- Chapel Oaks-Cedar Heights Location within the state of Maryland Chapel Oaks-Cedar Heights Chapel Oaks-Cedar Heights (the United States)
- Coordinates: 38°54′22″N 76°54′40″W﻿ / ﻿38.90611°N 76.91111°W
- Country: United States
- State: Maryland
- Counties: Prince George's

Area
- • Land: 1.0 sq mi (2.6 km^{2})

Population (1970)
- • Total: 6,049
- • Density: 6,000/sq mi (2,300/km^{2})
- Time zone: UTC−5 (Eastern (EST))
- • Summer (DST): UTC−4 (EDT)
- ZIP code: 20743
- Area code(s): 301 & 240
- FIPS code: 24-15225

= Chapel Oaks-Cedar Heights, Maryland =

Chapel Oaks-Cedar Heights was a census-designated place in Prince George's County, Maryland during the 1970 United States census.

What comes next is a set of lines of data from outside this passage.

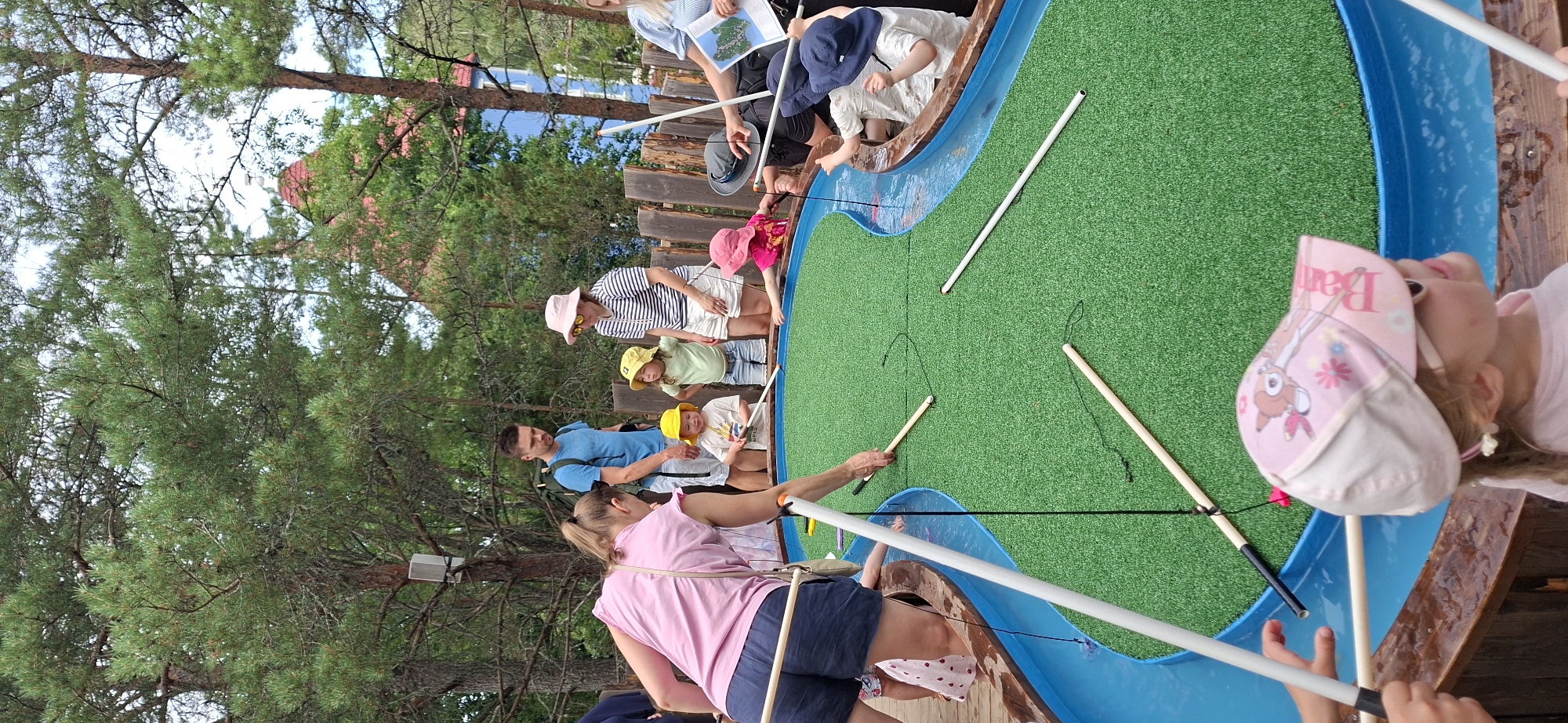 The image depicts a group of adults and children engaged in an activity, likely a miniature golf course designed with a water feature. The setting appears to be outdoors, with lush green trees and a hint of a red-roofed building in the background, suggesting a park or recreational area. The primary focus is on a blue, shallow water channel with a bright green, artificial turf surface. Several individuals are interacting with long, white poles, some of which are attached to strings. A woman in a pink shirt and blue shorts is positioned on the left, leaning over the water with a pole in her hand. Other adults and children, many wearing hats, are gathered around the course, observing and participating. The children are actively engaged, with some holding poles and others looking towards the water. The overall atmosphere is one of casual recreation and family fun. The building in the background, with its distinctive red roof and blue facade, is reminiscent of architecture found in Moominworld in Naantali, Finland, suggesting this scene may be taking place within that amusement park.
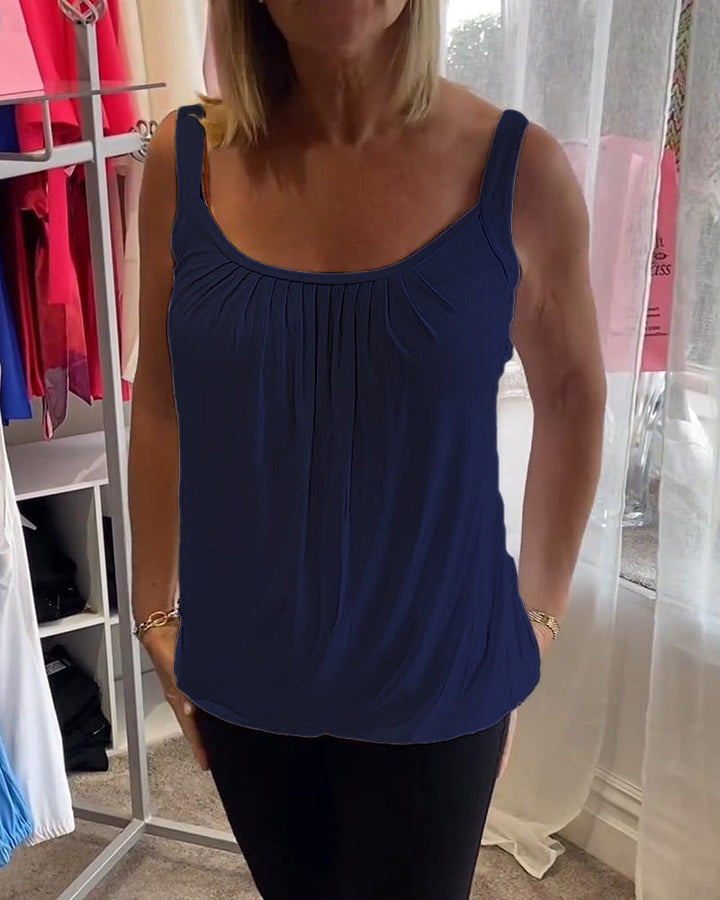 Casual sleeveless top with pleats and solid color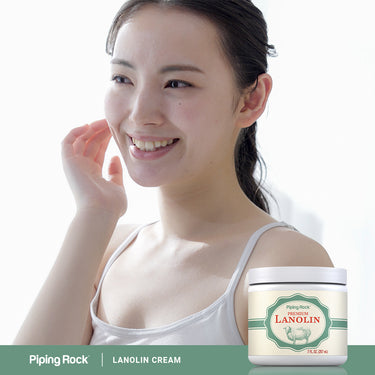 A young woman smiles, touching her cheek next to a jar of Lanolin.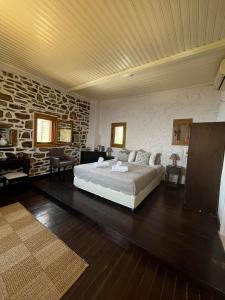 a bedroom with a bed and a stone wall at Castle Rizaraki in Kokkala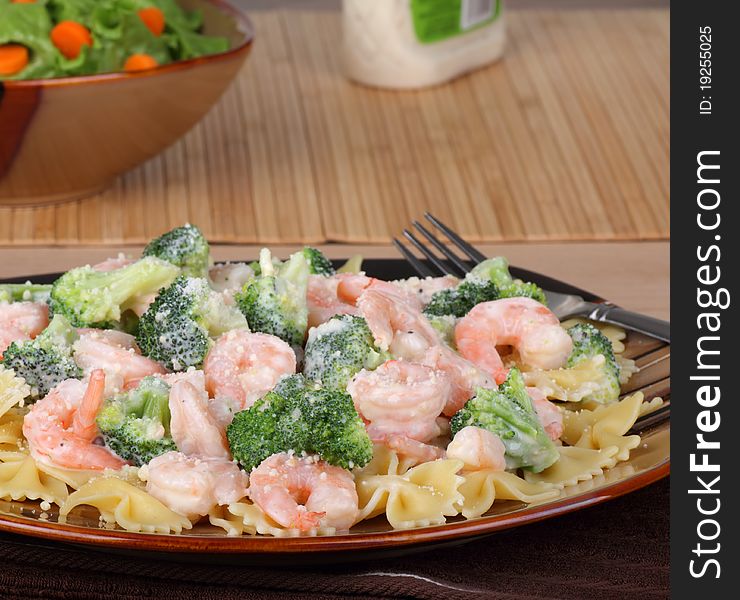 Shrimp, pasta and broccoli with a sauce on a plate with a salad in background. Shrimp, pasta and broccoli with a sauce on a plate with a salad in background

It consisted of the communities of Chapel Oaks and Cedar Heights. The population in 1970 was 6,049. The census area dissolved in 1980 and has not been reorganized since. The ZIP code serving the area is 20743.

==Geography==
Located at 38.906236 north and 76.911198 west, the census area of Chapel Oaks-Cedar Heights was bordered by Cheverly to the northeast, Kentland to the east, Seat Pleasant to the south and Fairmount Heights to the southwest. The land area of the CDP was 1 square mile and a population density of 6,049 persons per sq. mi.